Il existe trois catégories de sites délocalisés : les succursales, les points de service et les Centres de gestion autonome (CGA). Les succursales concentrent l'offre de programmes universitaires, autant des programmes courts que de programmes longs menant à des grades (baccalauréats, maîtrises) et desservent une clientèle d'environ 1 000 effectifs étudiants équivalents temps plein (EEETP). Les cours et activités de formation ont lieu dans une infrastructure fonctionnelle permanente de taille variable. Les points de service accueillent relativement peu d'étudiants, offrent principalement des programmes courts (certificats, microprogrammes de deuxième cycle et DESS) et sont dispersés sans infrastructure permanente. Les Centres de gestion autonome (CGA) se différencient des deux autres catégories par sa gérance administrative et académique, laquelle est assurée par un conseil d'administration de la corporation où siègent des représentants de la région.
Les sites sur lesquels un enseignement est offert sont listés dans la base de données GDUNO (déclaration obligatoire des établissements).
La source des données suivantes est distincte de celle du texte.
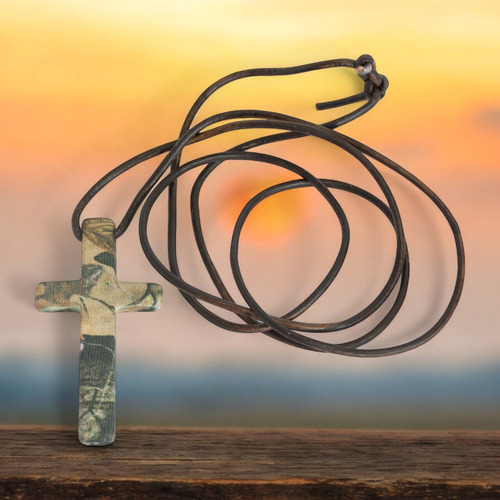 Realtree Ap Hunters Caça Camo Cruz Colar Pingente Joias Masc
Cette base recense près de 600 sites qui n'offrent pas tous des activités d'enseignement chaque année. Au total, on dénombre pour l'année 2008-2009 plus de 297 sites délocalisés d'enseignement actifs. Malgré cette ampleur, il n'y a pas d'instance, de lois ou de règlements qui encadrent spécifiquement le développement de l'offre de formation délocalisée. Toutefois, la Loi sur l'administration financière (L.R.Q., chapitre A-6.001) soumet les universités québécoises à des règlements qui déterminent les conditions et procédures auxquelles sont assujettis les emprunts et les autres engagements financiers qu'elles souscrivent, les placements et les contrats de nature financière, y compris des transactions comme les baux emphytéotiques. Enfin, les municipalités peuvent, depuis la modification de la Loi sur les compétences municipales en 2005, accorder une subvention à des œuvres de bienfaisance ou à des institutions liées à l'éducation. Cette loi ouvre la voie à un financement municipal de l'enseignement supérieur.

Résultats saillants de la recherche
En moyenne, une université réalise 22 911 EEETP sur son campus principal et 1 113 EEETP sur l'ensemble de ses campus délocalisés. Les écarts-types élevés (17 547 et 1 398, respectivement) indiquent une grande variété de répartitions.
En ce qui concerne les unités de financement (EEETPP) , les universités québécoises délocalisent 16 576,55 EEETPP, soit 3,64 % du total. Les mêmes universités qui délocalisaient plus de 10 % de leurs EEETP, délocalisent également plus de 10 % de leurs EEETPP dans des proportions un peu différentes mais gardant le même ordre : UQAR (36,75 %), UQAT (23,20 %), UQO (15,75 %) et Université de Sherbrooke (11,43 %).
Une université compte en moyenne 54 889 unités de financement sur son campus principal et en délocalise 2 072. Encore une fois, les écarts-types sont importants (37 846 et 2 258, respectivement).
En termes financiers, c'est l'Université de Sherbrooke qui retire le plus de revenus (17 900 126,15 $), suivie par l'Université Laval (8 606 773,13 $), l'UQAR (8 585 758,94 $), l'UQAM (5 059 386,93 $) et l'Université de Montréal (4 402 931,73 $) (voir tableau 5). L'UQO (3 180 944,17 $), l'UQTR (3 146 492,06 $), l'UQAT (2 602 085,25 $ et l'UQAC (1 482 288,29 $) en tirent, quant à eux, plus d'un million de dollars.

CONSIDÉRATIONS FINALES
La présente étude n'a porté que sur le financement des lieux d'enseignement à même la subvention prévue à cet effet. Elle n'a pas examiné les dépenses liées à ces sites, ni les investissements, ni les impacts de la gouvernance actuelle. Ainsi, on ne peut pas estimer si, par exemple, une dispersion massive, comme celle de l'Université de Sherbrooke, est rentable ou non. On n'est pas en mesure également de déterminer s'il y a des modèles de délocalisation qui maximiseraient le profit.
Il n'y a pas suffisamment d'informations pour fournir une explication institutionnelle à la multiplication des points de service, surtout les plus petits (moins de 10 EEETPP et EEETPP).